Packing the Supreme Court or expanding it? There's a difference.

“Nothing is off the table next year." Those seven words of Senate Minority Leader Chuck Schumer capture the “total war” declarations of the Democrats when asked about any nomination to replace Supreme Court Justice Ruth Bader Ginsburg before the election.

There is a type of liberation that comes from what military theorist Carl von Clausewitz called “absoluter Krieg”: "War is nothing more than the continuation of politics by other means. … For political aims are the end and war is the means." The means raised with Schumer is a demand for the Democrats to pack the nation's highest court with added members once they take control of the Senate.

House Judiciary Committee Chairman Jerry Nadler also declared that “the incoming Senate should immediately move to expand the Supreme Court.” Rep.
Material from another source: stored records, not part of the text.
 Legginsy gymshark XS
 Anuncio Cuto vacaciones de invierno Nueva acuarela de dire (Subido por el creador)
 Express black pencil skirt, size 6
Joe Kennedy III, D-Mass., tweeted: “If (the Senate) holds a vote in 2020, we pack the court in 2021. It’s that simple.”

Yes, it is as simple as it is senseless. It is a curious way to honor Justice Ginsburg by destroying the institution she loved. Packing the court is all about power, not principle.
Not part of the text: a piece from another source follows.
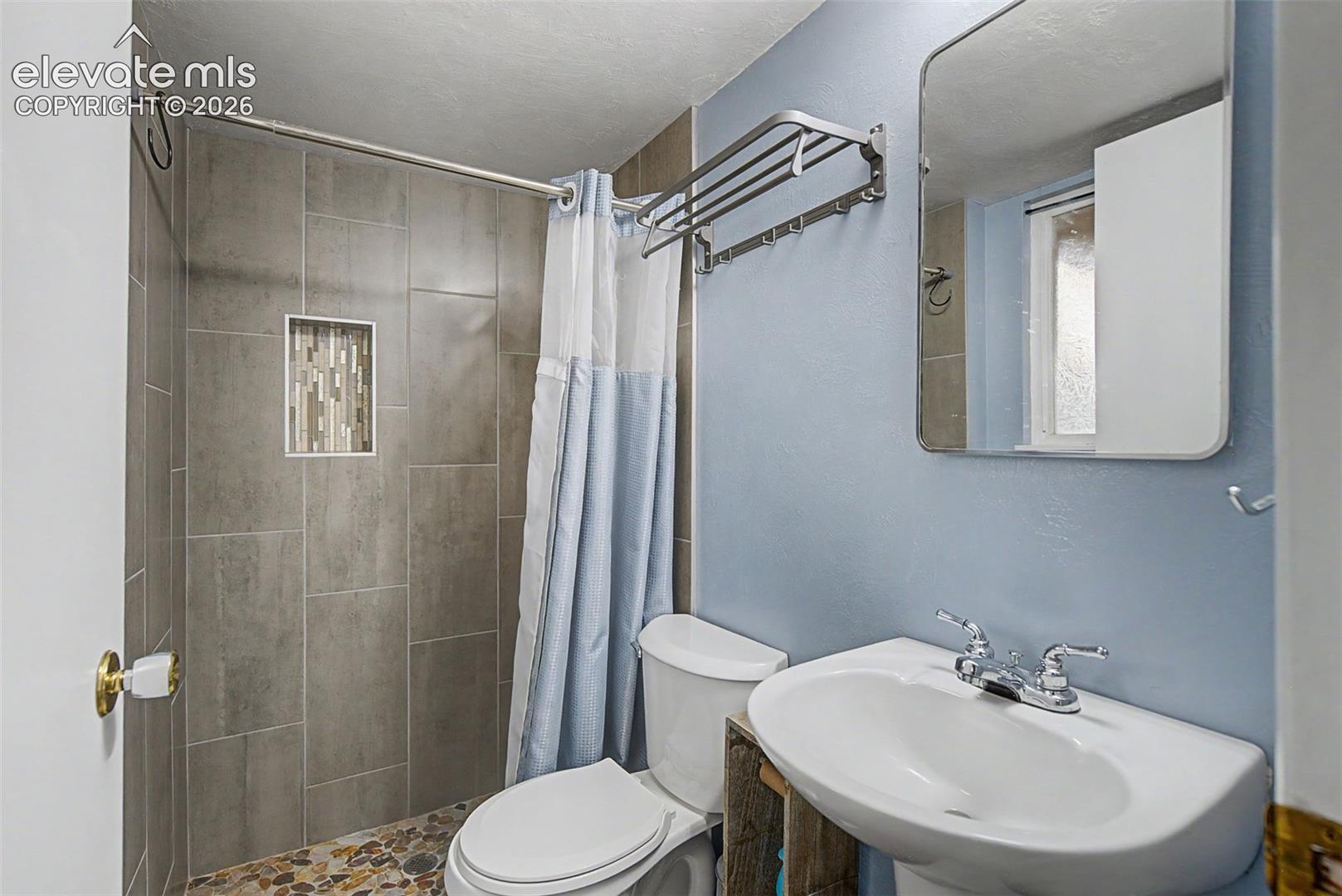 Lower-Level Bathroom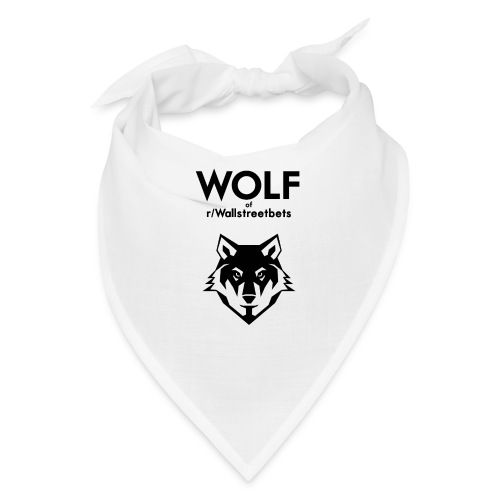 Wolf of Wallstreetbets - Bandana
Remember Franklin Roosevelt

As members and commentators have lined up to pack the court once Democrats take control of the White House and the Senate, I have been called about a plan that I first proposed over two decades ago to expand the court. This, however, is not my plan. It would expand the court for the wrong reason and in the wrong way. In that sense, it is more similar to the court-packing plan of President Franklin Roosevelt.
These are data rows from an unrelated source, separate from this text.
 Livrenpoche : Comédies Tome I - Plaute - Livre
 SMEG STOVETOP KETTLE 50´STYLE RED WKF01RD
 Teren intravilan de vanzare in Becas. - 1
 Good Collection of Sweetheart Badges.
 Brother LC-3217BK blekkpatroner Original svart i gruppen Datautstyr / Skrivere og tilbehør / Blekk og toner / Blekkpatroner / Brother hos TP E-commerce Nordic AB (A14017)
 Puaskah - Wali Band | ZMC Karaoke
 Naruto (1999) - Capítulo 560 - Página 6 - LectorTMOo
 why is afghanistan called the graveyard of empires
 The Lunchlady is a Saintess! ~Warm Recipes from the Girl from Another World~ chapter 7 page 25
In comparison with some other countries, our court is pint size. Indeed, it is demonstrably and dysfunctionally too small. Moreover, unlike the considerable thought put into all of our other major institutions, the size of the Supreme Court was arrived at by virtual accident. The Constitution does not set the size of the court.

The first Supreme Court had just six justices, and when it convened in 1790 at the Royal Exchange Building in New York, only four justices bothered to show up.

Over history, the size of the court has fluctuated. Justices once “rode circuit” and sat as judges in lower courts, so when Congress added a circuit, it would add a justice. When a 10th Circuit was added in 1863, a 10th justice was added. In 1869, however, Congress set the court at nine members.

That’s it. No deliberative debate. No historical or political analysis. More thought went into the size of the Consumer Financial Protection Bureau than the size of the U.S. Supreme Court.

The Supreme Court bench draped for the death of Justice Ruth Bader Ginsburg on Sept. 19, 2020.
The Supreme Court bench draped for the death of Justice Ruth Bader Ginsburg on Sept. 19, 2020.

Notably, most of the other countries with substantially larger courts have them to avoid the persistent problem of our nation's highest court in becoming practically a court of one with a swing justice. My proposal was to increase the court to 17 or 19 members (the larger option allows for the possible return to the tradition of two justices sitting on lower courts each year by rotation). My review of similar size courts (including appellate courts sitting “en banc”) shows less stagnation around a single jurist as the swing vote and greater intellectual diversity.

However, there was a critical catch. The increase to 17 or 19 justices would occur slowly so no president would be allowed to appoint more than two additional justices in a term. The commitment would be for a full court over roughly two decades. That is the difference between reforming and packing a court.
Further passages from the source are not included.